• Welcome to the Internet Infidels Discussion Board.

Would You Choose to Live in Heaven?

This conversation is getting sillier. If there actually was a God person, it would reward atheists because we never bother it with foolish requests. I've known Christians that pray for the most trivial things, but we atheists work out our problems on our own or with the help of other humans, because we know there is no super power waiting for us to beg him for help. And, as has already been said, we don't hate god. We just don't see any evidence that there is a god.

I prayed for guidance many times when I was losing my beliefs, but no god even spoke to me or revealed itself to me.

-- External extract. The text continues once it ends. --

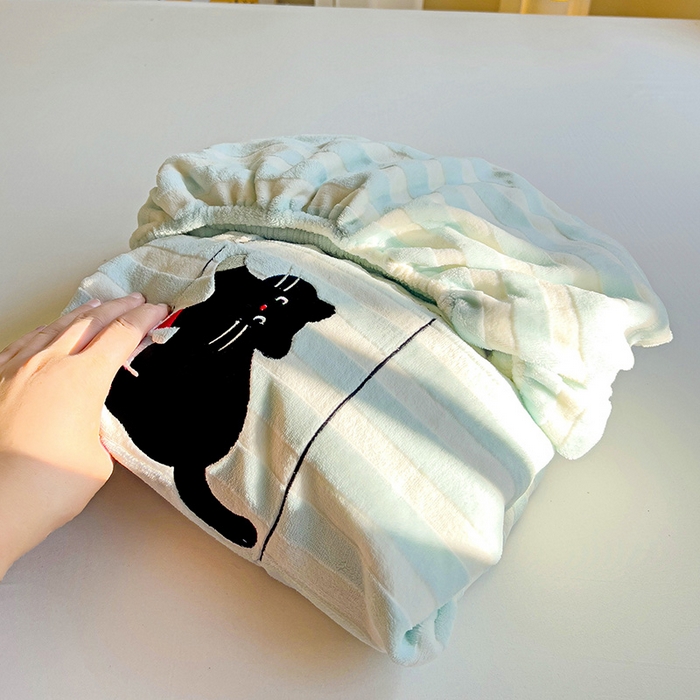 91家纺网 家纺一手货源 找家纺 小叮当家纺仓储工厂店 买家秀 爆款花型2025新款小清新绣花牛奶绒经典条纹系列单品床单床笠床单床笠单件 床笠-蓝条小猫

I considered that there might be a better, truer religion than the one I was told to believe as a child, but none of them were realistic enough to embrace, even if some of them did have some good moral concepts that seemed to be a good influence on some people. Some of them had some interesting stories and myths. But none of them were convincing enough to be true.

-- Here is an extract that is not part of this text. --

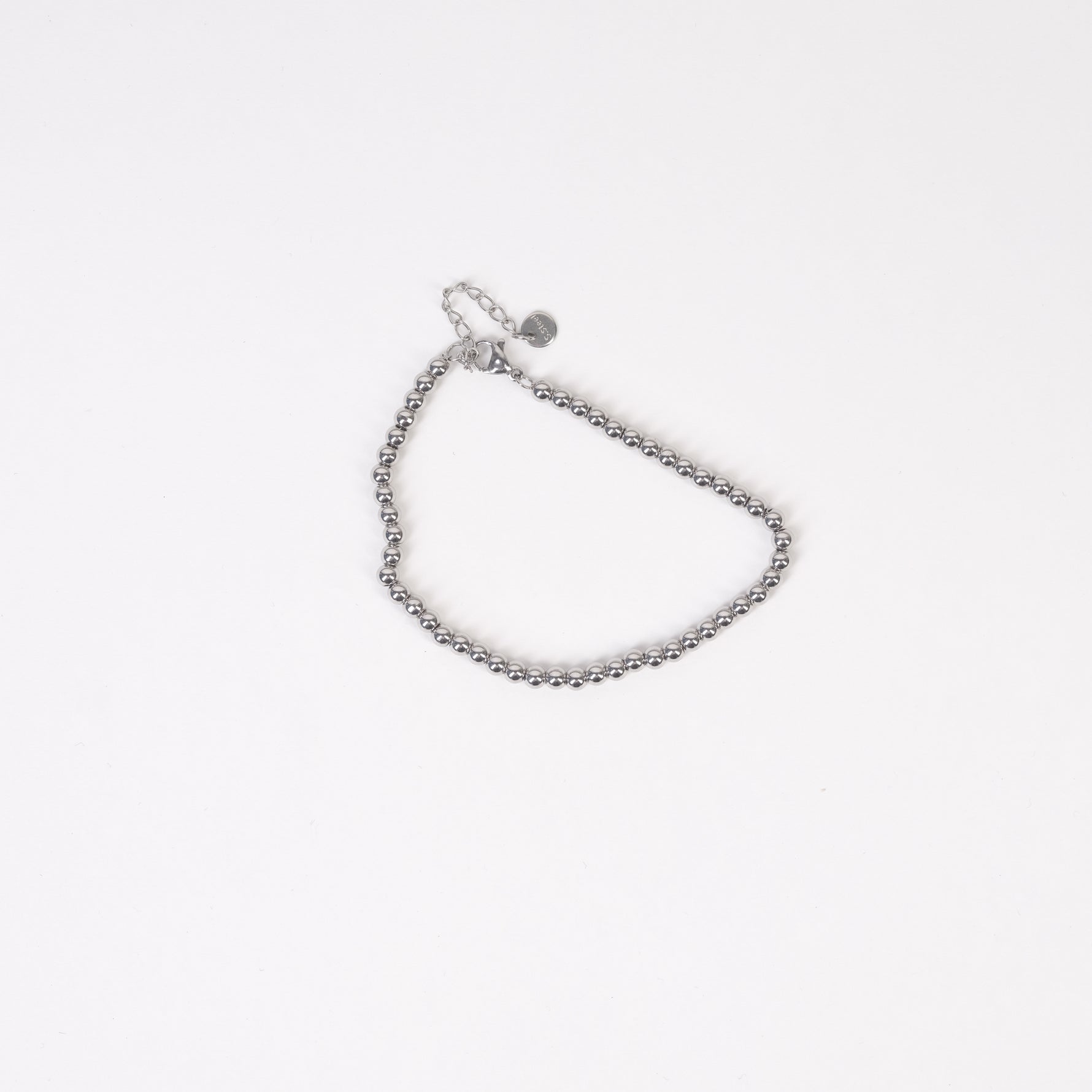 Brățară argintie din oțel inoxidabil, alcătuită din mărgele mici metalice, elegant finisată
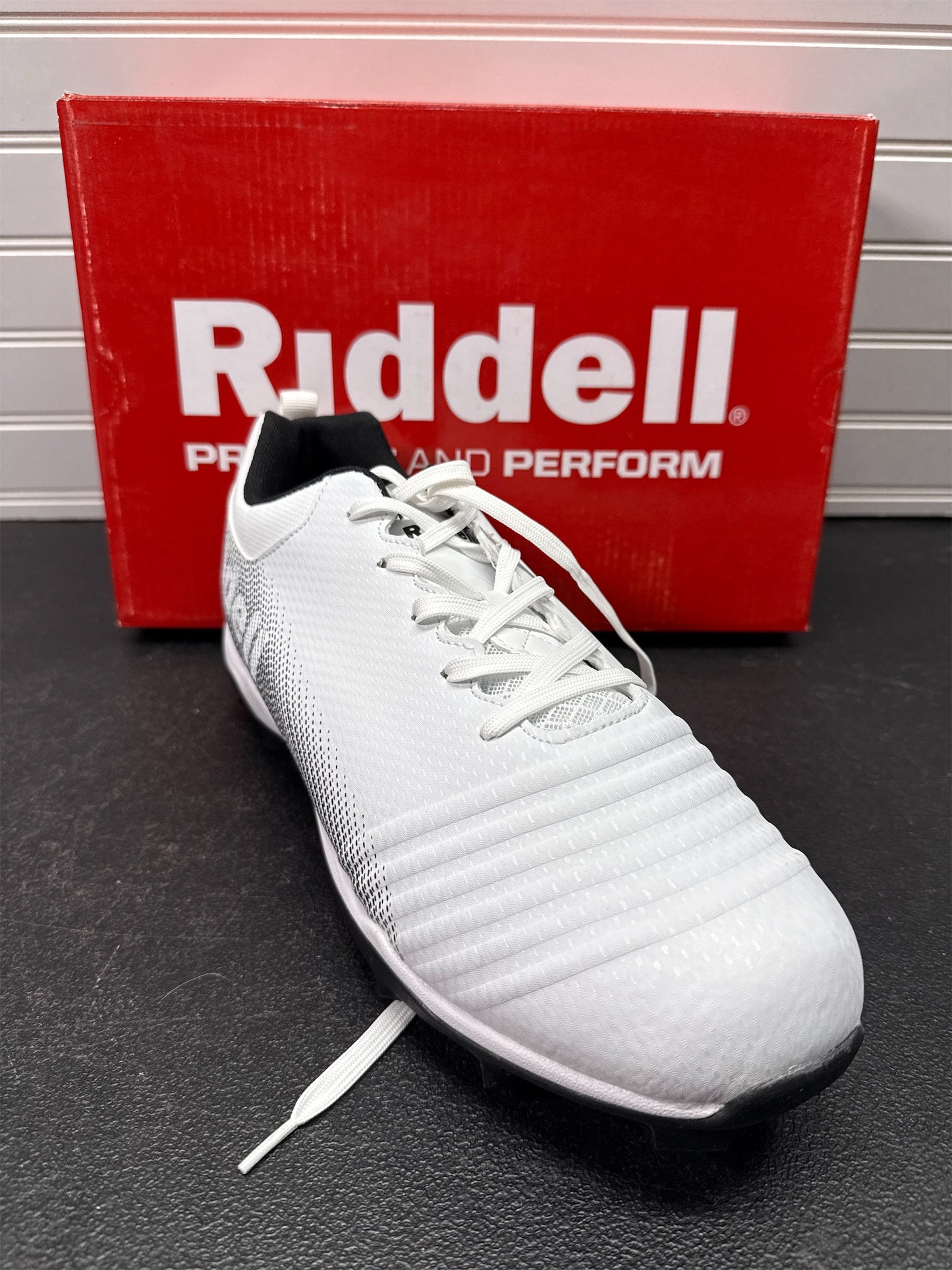 Riddell Men's Edge Low Football Cleats - White/Black, 10.5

Why do some theists think that atheists hate an entity which doesn't even exist? We do often hate the horrific aspects of some religious propaganda. That's because we see the harm that it has done to people. At the same time, there are some positive things in the Christian philosophy. Unfortunately many Christians only emphasize the idea that they are saved due to their beliefs while ignoring the parts of the gospel that encourage helping others.

Maybe the concept of heaven and hell were simply meant as metaphors for this life. Who knows what the original teachings of the activist Jesus were, as nothing was written down for several decades. Sorry, but it's impossible for me to believe a book that is so confusing and contradictory with so many translations etc. It's just not reasonable.

I also tend to think a lot of religious dogma uses fear and guilt to manipulate people into believing things that aren't based on fact. Or, maybe reality is just too difficult to face for a lot of people. I can understand that, but that does't make religious mythology true.
 
This really is a bizarre discussion for reasons that have been enumerated many times already. The fact is that nobody has a clue what heaven is like nor hell for that matter. There are tens of thousands of different denominations of Christianity alone and many of them disagree strongly on what these places are like. Some believe that there will in fact be no heaven, the earth will simply be reborn like it was at first with no sin. Some believe in literal worship all the time ("We will shout and sing his praises through the never ending ages...".) Some believe in a community with streets of gold. Some believe there are big mansions for the saintliest and smaller ones for the lay-folk (John's momma asking that her sons get chief spots in Jesus's kingdom). Others believe everyone gets the same reward (parable of the laborers in the vineyard). Some believe it's simply a place of comfort (Abraham's bosom).

What nobody seems to want to address is "What do we do with all this time we suddenly have?" Are there challenges in heaven? Is there sport? Competition? Winners and losers? Do people literally still have to eat anything? If you have to eat is it possible for you to starve to death? Do you have to poop (everything that eats poops). If so, what happens to the poop?

Are there competing factions? If God "rules" what are the rules? What happens if you disobey any of these rules? Why are rules needed? Does (an omnipotent) God need service from anyone? Does he need things to get done and have to order people to get it done for him? Is there drama in heaven? ("What is drama but life with the dull bits cut out?" - Alfred Hitchcock) No drama necessarily implies eternal ennui. Drama implies conflict with winners and losers. Someone has to not like the result or there's no drama.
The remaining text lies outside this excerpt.